Before training my model, I need to divide my data into training and test parts.

In [17]:
X_train, X_test, Y_train, Y_test = train_test_split(X,Y, test_size = 0.3, random_state = 42)

print(X_train.shape,Y_train.shape)
print(X_test.shape,Y_test.shape)

(7510, 30) (7510,)
(3219, 30) (3219,)


# MODELLING

My architecture consists of three main parts. I start with the embedding layer defined previously, and it inputs the sequences and gives word embeddings. These embeddings are then passed on to the convolution layer, which will convert them into small feature vectors. Next, I have Dense (fully connected layers) for classification purposes. I use a sigmoid activation function before the final output.


In [18]:
from keras import models, layers
from keras.layers import Activation, Dense

In [19]:
# Building Model
embedding_vector_length = 32 
model = models.Sequential() 
model.add(Embedding(MAX_NB_WORDS, EMBEDDING_DIM, input_length=MAX_SEQUENCE_LENGTH)) 
model.add(LSTM(units=embedding_vector_length, dropout=0.2, recurrent_dropout=0.2)) 
model.add(Dense(1, activation='sigmoid')) 
model.compile(loss='binary_crossentropy',optimizer='adam', metrics=['accuracy']) 
model.summary()

Model: "sequential_1"
_________________________________________________________________
Layer (type)                 Output Shape              Param #   
embedding_1 (Embedding)      (None, 30, 100)           996800    
_________________________________________________________________
lstm_1 (LSTM)                (None, 32)                17024     
_________________________________________________________________
dense_1 (Dense)              (None, 1)                 33        
Total params: 1,013,857
Trainable params: 1,013,857
Non-trainable params: 0
_________________________________________________________________


In [20]:
# Fitting the data into our model

model.fit(X_train, Y_train, validation_data=(X_test, Y_test), epochs=15, batch_size=128) 

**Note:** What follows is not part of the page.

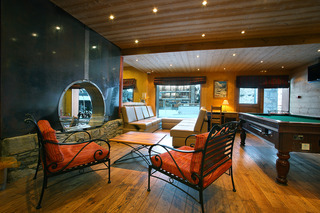 La Cime des Arcs - Chalet des Neiges, French Alps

  "Converting sparse IndexedSlices to a dense Tensor of unknown shape. "


Train on 7510 samples, validate on 3219 samples
Epoch 1/15
Epoch 2/15
Epoch 3/15
Epoch 4/15
Epoch 5/15
Epoch 6/15
Epoch 7/15
Epoch 8/15
Epoch 9/15
Epoch 10/15
Epoch 11/15
Epoch 12/15
Epoch 13/15
Epoch 14/15
Epoch 15/15


<keras.callbacks.callbacks.History at 0x2118a1f05c8>

In [21]:
# Evaluation Model Accuracy

scores = model.evaluate(X_test, Y_test, batch_size=128)

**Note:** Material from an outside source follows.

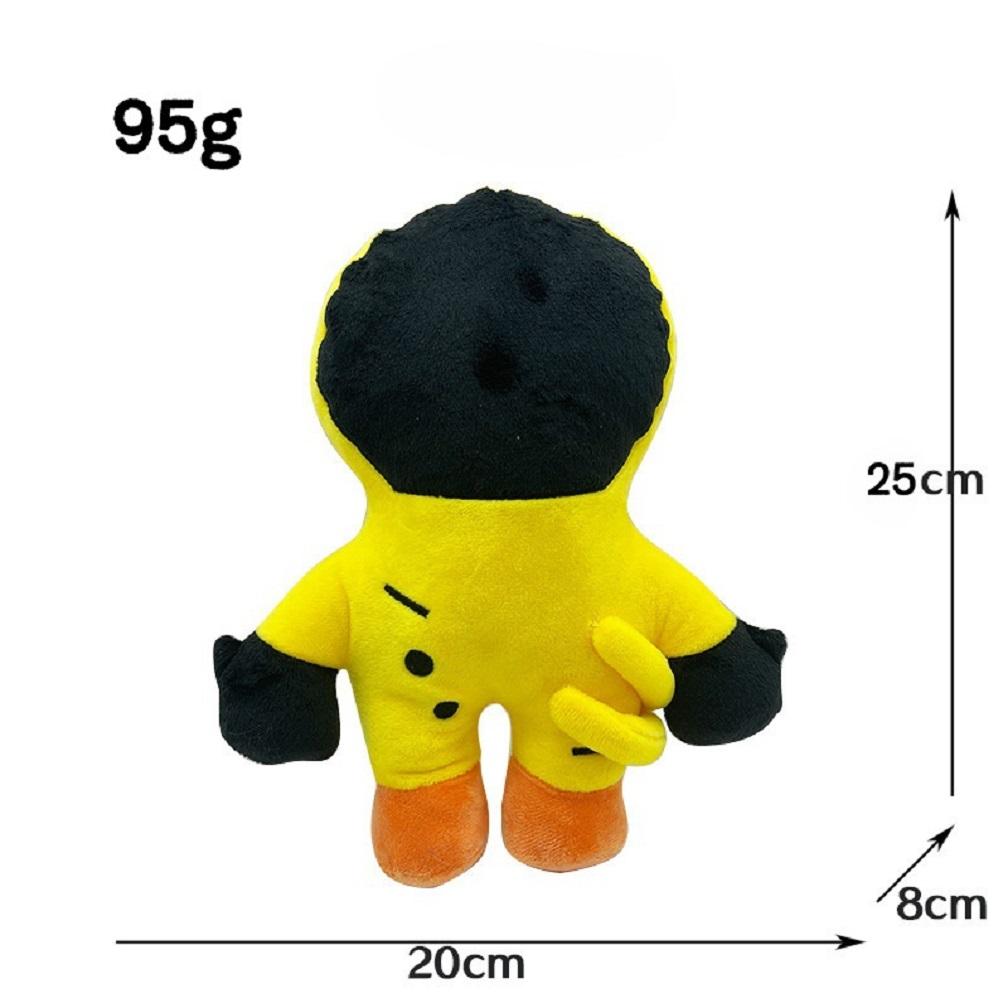 Escape The Backrooms Plush Toy Plush Toys Horror Game Anime Plushie Dolls Stuffed Toy Room Decoration Birthday Halloween Gifts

print("Accuracy: %.2f%%" % (scores[1]*100))
print("loss: {}".format((scores[0])))

Accuracy: 84.25%
loss: 0.5381908492411135


In [27]:
# Saving Model

import pickle

pickle_file = open('sentiment_analysis_of_tweets.pkl', 'wb')     
pickle.dump(model, pickle_file)
pickle_file.close()

# PREDICTION FOR NEW TWEETS

In [28]:
test_sample_1 = "You are good"
test_sample_2 = "You are bad"
test_samples = [test_sample_1, test_sample_2]

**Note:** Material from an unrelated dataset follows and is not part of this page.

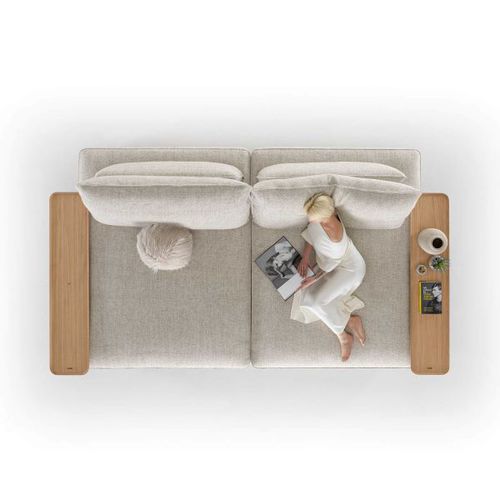 Modulsofa - DAVID CINEMA  - BERTO - Design / Stoff / Leder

test_sample_tokens = tokenizer.texts_to_sequences(d for d in test_samples)

# Padding the testing sequences
test_samples_tokens_pad = pad_sequences(test_sample_tokens, maxlen = 30, padding='post')

scores = model.predict(x = test_samples_tokens_pad)

def predict_tweet_sentiment(score):
    print("Score: ", score)
    return "Positive" if score > 0.5 else "Negative"

model_predictions = [predict_tweet_sentiment(score) for score in scores]

print(model_predictions)

Score:  [0.83211845]
Score:  [0.01057871]
['Positive', 'Negative']


# CONCLUSIONS, INSIGHTS AND RECOMMENDATIONS

1) Class balance is an important criterion when we are working on classification problems. It is essential to ensure that the classes are not very skewed, and the class imbalance will lead to biased results. 
Our dataset is quite imbalanced. The number of negative tweets are 4 times higher than the positive ones. Despite the fact that it's a biased model, our accuracy level seems high. But for various examples our model can fail predicting positive tweets.  

For future improvements, sampling techniques can be applied to solve the imbalance problem.

In [23]:
test_sample_1 = "You are wonderful"
test_sample_2 = "You are bad"
test_samples = [test_sample_1, test_sample_2]

test_sample_tokens = tokenizer.texts_to_sequences(d for d in test_samples)

# Padding the testing sequences
test_samples_tokens_pad = pad_sequences(test_sample_tokens, maxlen = 30, padding='post')

model.predict(x = test_samples_tokens_pad)

array([[0.0129921 ],
       [0.01057871]], dtype=float32)

2) Stemmization can be applied to improve predictions.